Hugues Wulfric would have been the finest youth in all that part of Kent, were it not that the outrages with which he had so unceasingly to contend, and the privations he was forced to undergo, had effaced the colour from his cheeks, and sunk his eyes deep in their orbits: his brows were habitually contracted, and his glance oblique and fierce. Yet, despite that recklessness and anguish which clouded his features, one, incredulous of his atrocities, could not have failed to admire the savage beauty of his head, cast in nature’s noblest mould, crowned with a profusion of waving hair, and set upon shoulders whose robust and harmonious proportions were discoverable through the tattered attire investing them. His carriage was firm and majestic; his motions were not without a species of rustic grace, and the tone of his naturally soft voice accorded admirably with the purity in which he spoke his ancestral language — the Norman-French: in short, he differed so widely from people of his imputed condition that one is constrained to believe that jealousy or prejudice must originally have been no stranger to the malicious persecution of which he was the object. The women alone ventured first to pity his forlorn condition, and endeavoured to think of him in a more favourable light.

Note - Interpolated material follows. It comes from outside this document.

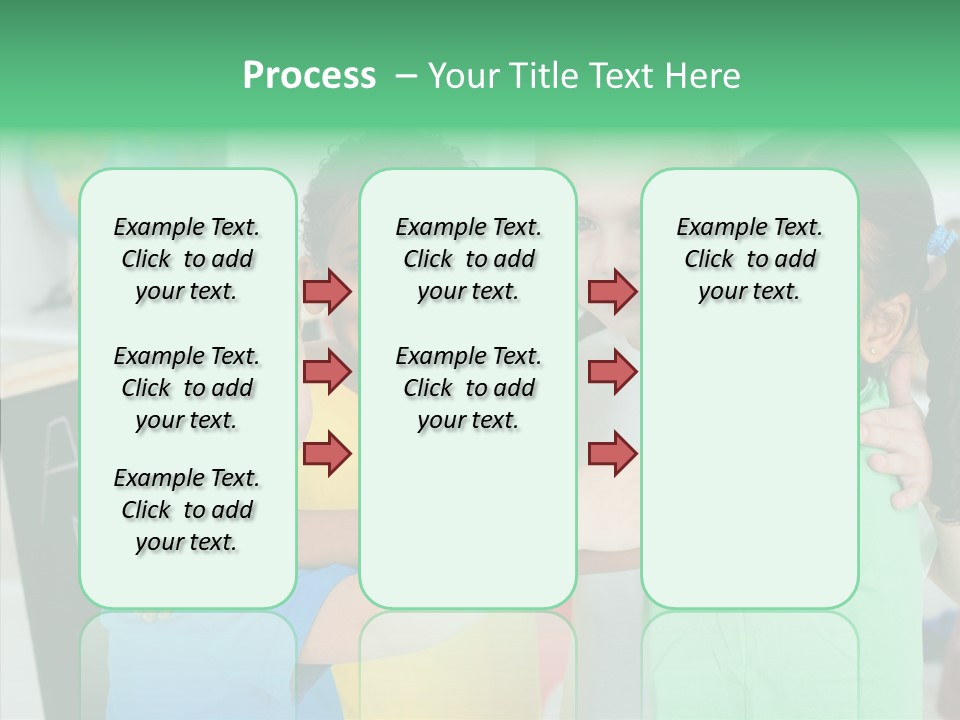 Old Elder Help PowerPoint Template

Branda, niece of Willieblud, the flesher of Ashford, had, among other, of the town maidens, noticed Hugues with a not unfavouring eye, as she chanced to pass one day on horseback, through a coppice near the outskirts of the town, into which the latter had been led by the eager chase of a wild hog, and which animal, from the nature of the country was, single-handed, exceedingly difficult of capture. The malignant falsehoods of the ancient crones, continually buzzed in her ears, in nowise diminished the advantageous opinion she had conceived of this ill-treated and good-looking wer-wolf. She sometimes, indeed, went so far as to turn considerably out of her way, in order to meet and exchange his cordial greeting: for Hugues, recognizing the attention of which he had now become the object, had, in his turn, at last summoned up courage to survey more leisurely the pretty Branda; and the result was that he found her as buxom and pretty a lass as, in his hitherto restricted rambles out of the forest, his timorous gaze had ever encountered. His gratitude increased proportionally; and at the moment when his domestic losses came one after another to overwhelm him, he was actually on the eve of making Branda, on the first opportunity presenting itself, an avowal of the love he bore her.

It was chill winter — Christmas-tide — the distant roll of the curfew had long ceased, and all the inhabitants of Ashford were safe housed in their tenements for the night. Hugues, solitary, motionless, silent, his forehead grasped between his hands, his gaze dully faced upon the decaying brands that feebly glimmered upon his hearth: he heeded not the cutting north wind, whose sweeping gusts shook the crazy roof, and whistled through the chinks of the door; he started not at the harsh cries of the herons fighting for prey in the marsh, nor at the dismal croaking of the ravens perched over his smoke-vent. He thought of his departed kindred, and imagined that his hour to join them would soon be at hand; for the intense cold congealed the marrow of his bones, and fell hunger gnawed and twisted his entrails. Yet, at intervals, would a recollection of nascent love, of Branda, suddenly appease his else intolerable anguish, and cause a faint smile to gleam across his wan features.

“Oh, blessed Virgin! grant that my sufferings may speedily cease!” murmured he, despairingly. “Oh, would I might be a wer-wolf, as they call me! I could then requite them for all the foul wrong done me. True, I could not nourish myself with their flesh; I would not shed their blood; but I would be able to terrify and torment those who have wrought my parents’ and sisters’ death — who have persecuted our family even to extermination! Why have I not the power to change my nature into that of a wolf, if, of a verity, my ancestors possessed it, as they avouch? I should at least find carrion to devour,4 and not die thus horribly. Branda is the sole being in this world who cares for me; and that conviction alone reconciles me to life!”

4. Horseflesh was an article of food among our Saxon forefathers in England.

Hugues gave free current to these gloomy reflections. The smouldering embers now emitted but a feeble and vacillating light, faintly struggling with the surrounding gloom, and Hugues felt the horror of darkness coming strong upon him; frozen with the ague-fit one instant, and troubled the next by the hurried pulsation of his veins, he arose, at last, to seek some fuel, and threw upon the fire a heap of faggot-chips, heath and straw, which soon raised a clear and crackling flame. His stock of wood had become exhausted, and, seeking wherewith to replenish his dying hearth-light, whilst foraging under the rude oven amongst a pile of rubbish placed there by his mother wherewith to bake bread — handles of tools, fractured joint-stools, and cracked platters, he discovered a chest rudely covered with a dressed hide, and which he had never seen before; and seizing upon it as though he had discovered a treasure, broke open the lid, strongly secured by a string.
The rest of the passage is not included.